Records shown:
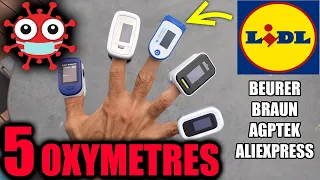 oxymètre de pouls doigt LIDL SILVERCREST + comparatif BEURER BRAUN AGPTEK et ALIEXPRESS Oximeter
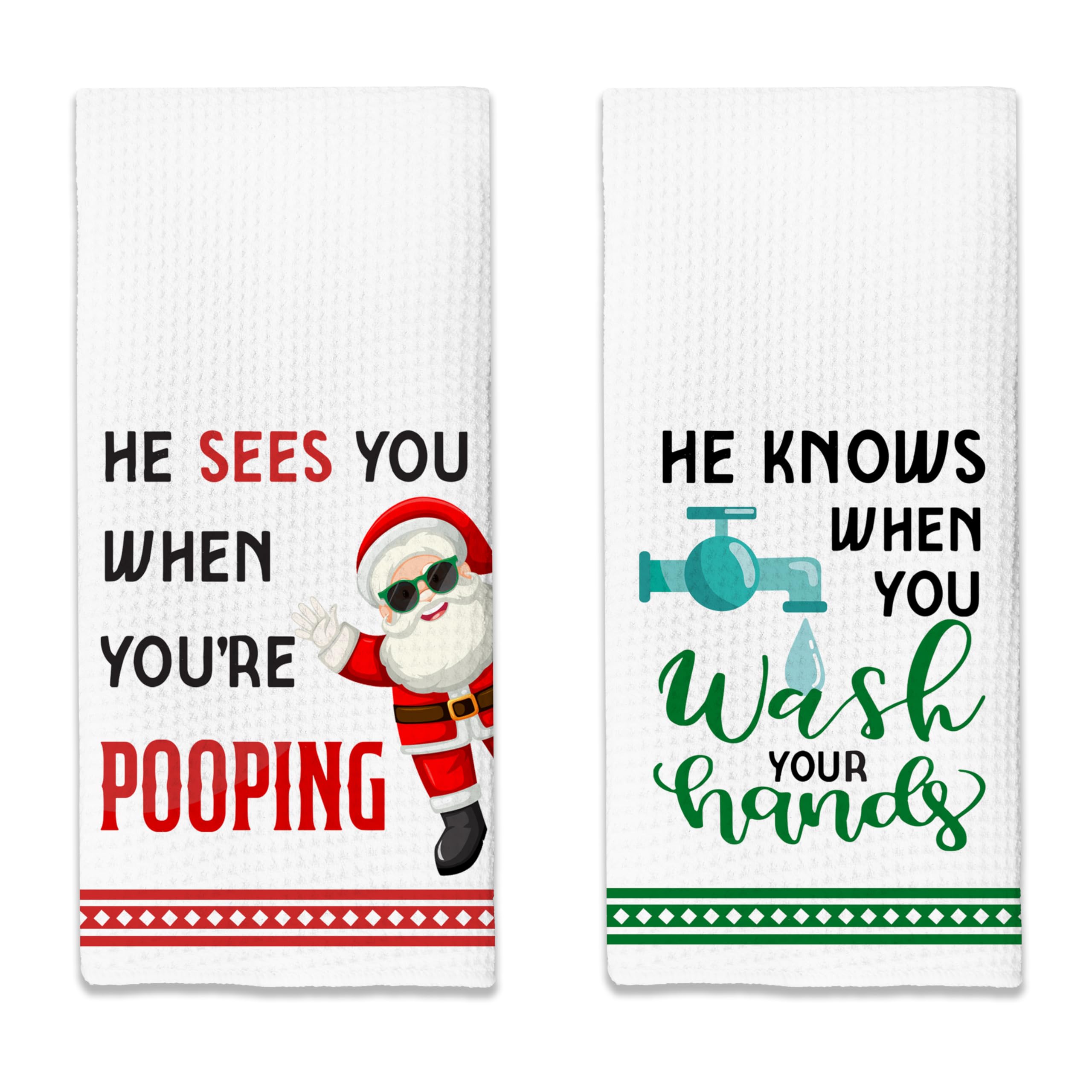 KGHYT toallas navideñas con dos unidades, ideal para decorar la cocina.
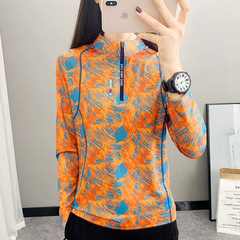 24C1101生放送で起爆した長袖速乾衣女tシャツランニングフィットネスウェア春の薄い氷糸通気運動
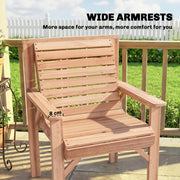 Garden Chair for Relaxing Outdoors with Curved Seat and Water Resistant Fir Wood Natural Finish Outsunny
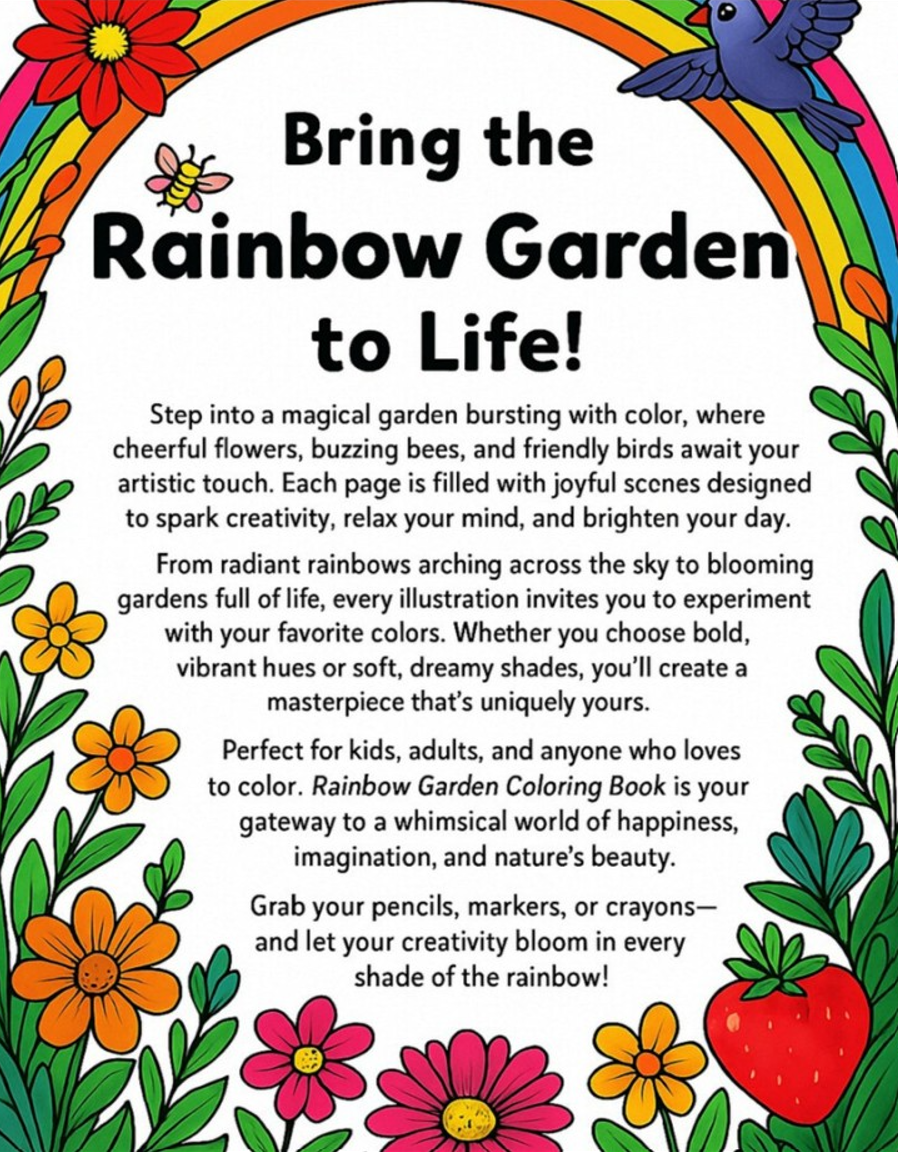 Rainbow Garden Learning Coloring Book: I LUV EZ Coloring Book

--

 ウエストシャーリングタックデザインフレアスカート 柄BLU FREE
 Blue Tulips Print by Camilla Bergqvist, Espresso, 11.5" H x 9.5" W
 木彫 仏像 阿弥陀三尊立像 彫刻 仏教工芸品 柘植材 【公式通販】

* * *

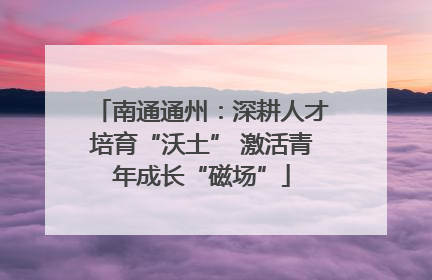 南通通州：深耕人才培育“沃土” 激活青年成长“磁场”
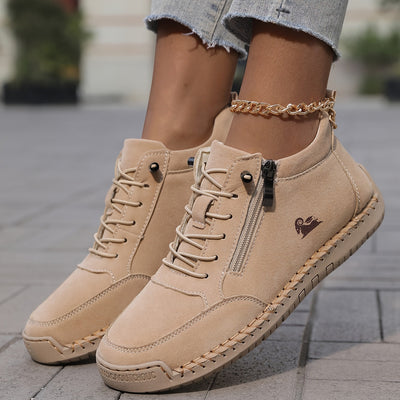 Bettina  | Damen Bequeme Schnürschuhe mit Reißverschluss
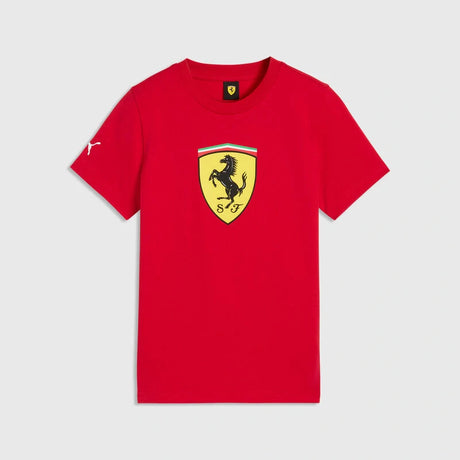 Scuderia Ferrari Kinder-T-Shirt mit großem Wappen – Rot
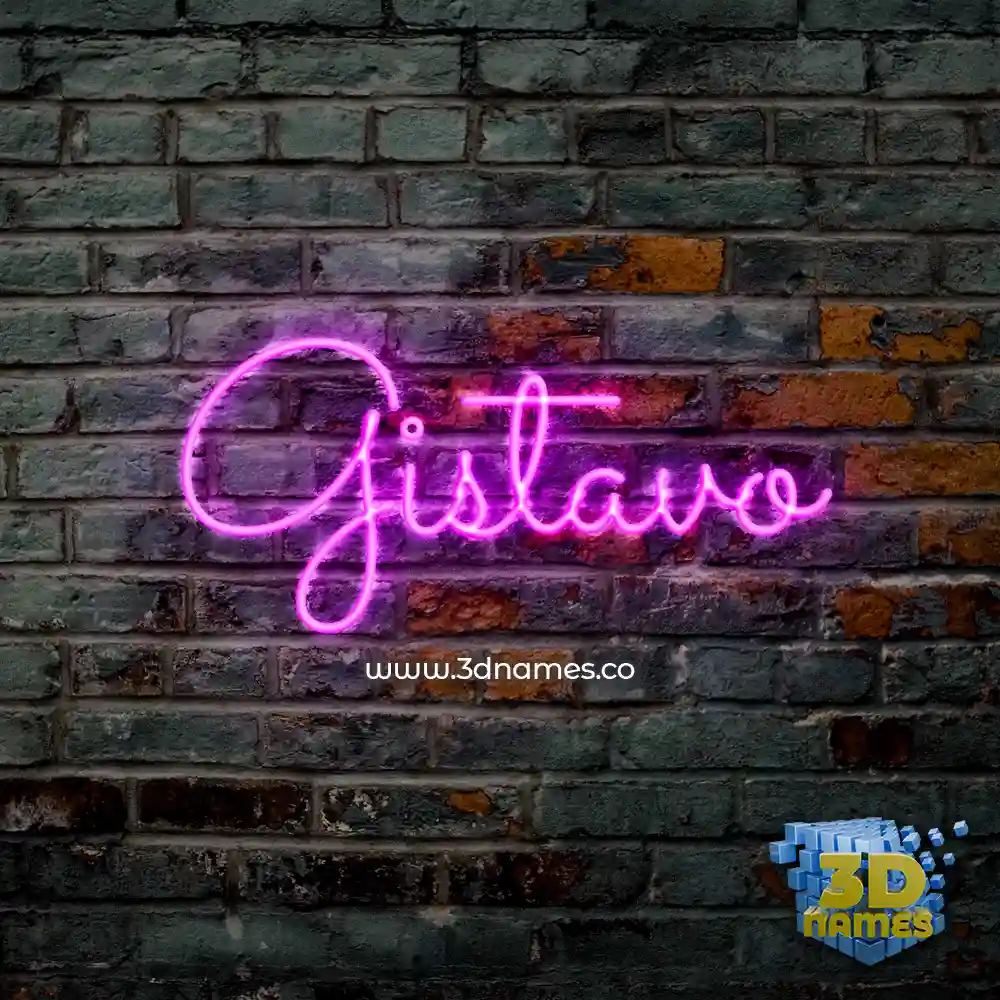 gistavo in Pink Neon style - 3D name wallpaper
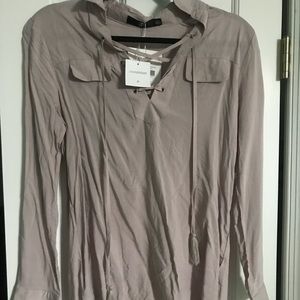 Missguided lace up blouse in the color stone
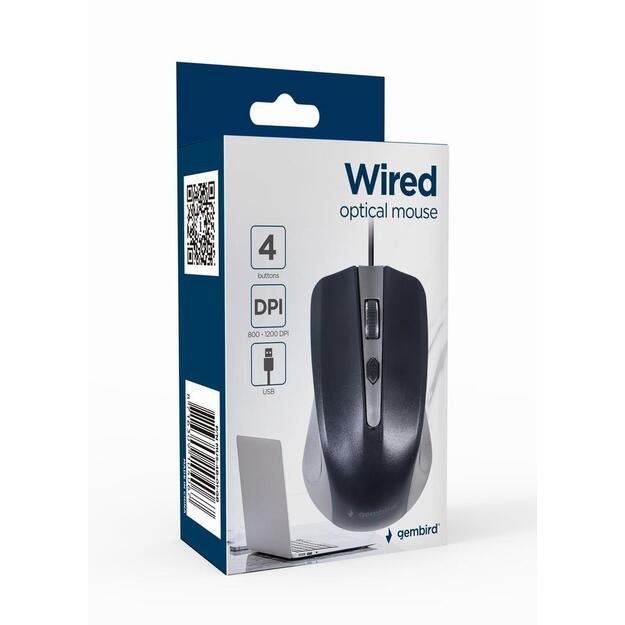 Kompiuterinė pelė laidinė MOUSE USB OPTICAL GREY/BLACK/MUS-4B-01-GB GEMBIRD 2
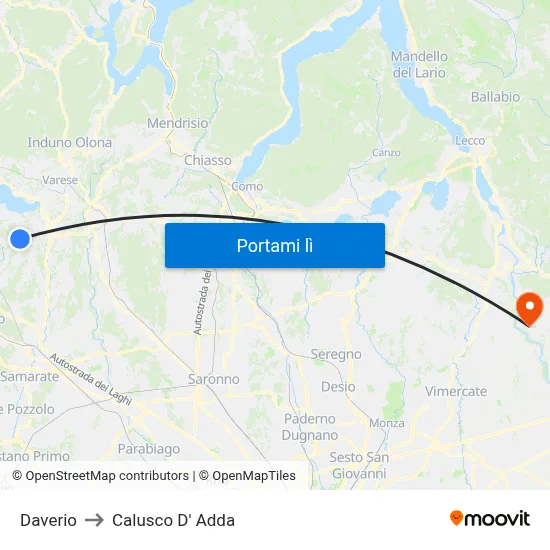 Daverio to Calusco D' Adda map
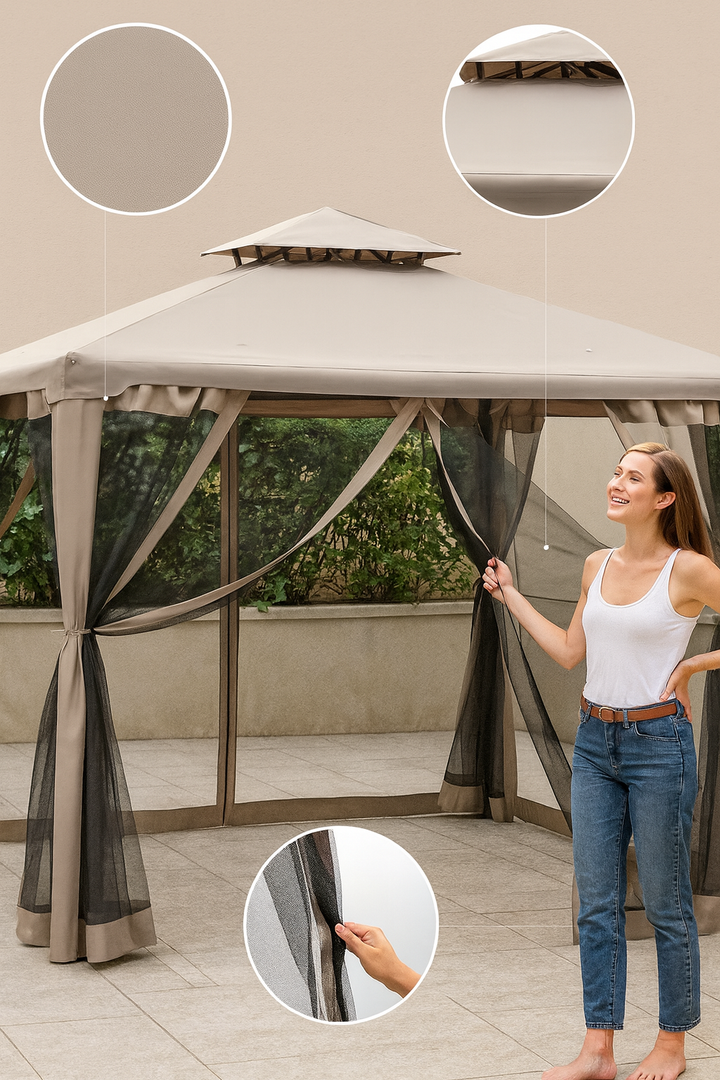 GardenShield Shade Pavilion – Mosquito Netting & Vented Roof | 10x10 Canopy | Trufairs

Work to complete: Go to the line above that has "KGHYT toallas navideñas" and copy exactly from there down to the line that has "Rainbow Garden Learning", both included. Leave the pictures out.

Your response:
 KGHYT toallas navideñas con dos unidades, ideal para decorar la cocina.
 24C1101生放送で起爆した長袖速乾衣女tシャツランニングフィットネスウェア春の薄い氷糸通気運動
 Garden Chair for Relaxing Outdoors with Curved Seat and Water Resistant Fir Wood Natural Finish Outsunny
 Rainbow Garden Learning Coloring Book: I LUV EZ Coloring Book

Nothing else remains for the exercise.